2. Jared Allen – Coming off a season in which he would have set the single-season sack record had Brett Favre not "done a solid" for Michael Strahan, Allen is likely to face more tight end/running back chips than at any point in his career. He dominated like few pass rushers ever have. If Allen can repeat that kind of performance, it will set the tone for an aggressive young defense searching for an identity.
3. John Sullivan – Armed with a five-year contract extension, Sullivan, entering just his fourth year as a starter, is the most-tenured member of the Vikings offensive line. After an injury-plagued 2010 season, he bounced back strong in 2011 and, as the player making the line calls, he will be as valuable as anyone on the offense line – even blue-chip left tackle Matt Kalil – while Ponder learns the game in 2012.
4. Chad Greenway – The linebacker corps of the Vikings is undergoing an overhaul and Greenway is clearly the leader of the group. Over the last two years, the Vikings have jettisoned starters E.J. Henderson and Ben Leber and Greenway needs to step up his game to a Pro Bowl level to prevent the back seven of the Vikings defense from being exploited. He has quietly become one of the better linebackers in the NFC but needs to bring his game to a higher level for the Vikings to have success this season.
5. Percy Harvin – Whether he's happy or not doesn't matter if he brings his full effort on the field. He is one of the game's top playmakers. His contract is becoming an issue because he has earned an extension (and the money that comes with it). If he uses this season to set the stage to leave the Vikings no option but to show him the money, a motivated Harvin could have a monster season.
6. Kevin Williams – Williams hasn't been the dominant pocket-collapsing force over the last couple of seasons that he was earlier in his career, but he showed signs of that late in the season. If he can return to his six-time Pro Bowl form this season, the Vikings defensive line could be one of the best units in the league. Without Pat Williams next to him, Big Kev has seen more double-teams than usual, but has held up despite lower-body injuries that have limited his explosion off the snap. If he is 100 percent, he could be the biggest difference-maker for a defense looking to improve at all three levels. Nothing makes a defense better in a hurry than a pass rush that forces the ball out of the quarterback's hand faster than he wants.
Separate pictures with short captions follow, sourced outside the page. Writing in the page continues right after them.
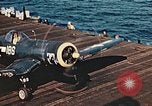 Image of Navy fighter aircraft landing on USS Essex Pacific Theater, 1945, second 56 stock footage video 65675040813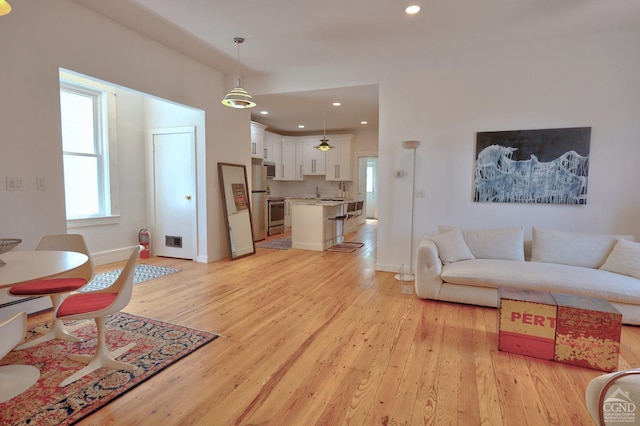 living room with light hardwood / wood-style flooring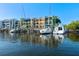 Sailboats docked at waterfront property; serene water view at 907 Bahia Del Sol Dr, Ruskin, FL 33570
7. Antoine Winfield – With a secondary that is very young and inexperienced, Winfield is critical to the success of the group. He turned 35 last month and may be limited to playing almost exclusively in the slot on the inside of the hash marks, but that is Winfield's strength. Injuries have been an issue two of the last three seasons and Winfield needs to be healthy for the young secondary to reach its potential. He needs to be more than a "coach on the field," as Leslie Frazier called him during minicamp. If he does, the Vikings defense will be much more opportunistic and capable of making more big plays to change the tide of games.
8. John Carlson – The only big-money outside free agent signing, Carlson is expected to be the Vikings' answer to the two-TE juggernaut of Rob Gronkowski and Aaron Hernandez. Bill Musgrave has a lot of calls in his playbook for tight ends and, considering the money the Vikings paid to get him away from Seattle (five years, $25 million), it would seem logical to assume he was brought to the Vikings more to catch passes than to block.
9. Jerome Simpson – He's going to miss the first three games of the season, but Simpson was signed by the Vikings to be what the team hoped Bernard Berrian would be. As we now know, the Berrian Experiment was an unqualified failure that was scrapped last season when he was cut in late October. Simpson has field-stretching ability, but it was clear he wasn't going to be the No. 1 downfield option in Cincinnati (that would be A.J. Green). With Harvin ideally playing in the slot and Michael Jenkins as a big possession receiver on the other side, Simpson needs to be the home run hitter Ponder will need to take the next step in his QB maturation.
10. Chris Cook – He's looking for personal and professional redemption after a tumultuous 2011 season that found him in jail for the first meeting with the Packers and suspended from the team when they met for the second time. He's only entering his third season, but he is penciled in to be a starter and, if you watch his matchup with Calvin Johnson in Week 3, you see flashes of what the Vikings believed he would be when they made him their first pick in the 2010 draft.
11. Brian Robison – After the season Allen put in last year, he is going to be almost constantly double-teamed and the focus of defensive coordinators throughout the league. When that happened earlier in his Vikings career, Ray Edwards stepped up and became the single-covered pass-rushing option. Robison needs to have a big season because, more times than not, he will be single-covered by right tackles and will have to make plays.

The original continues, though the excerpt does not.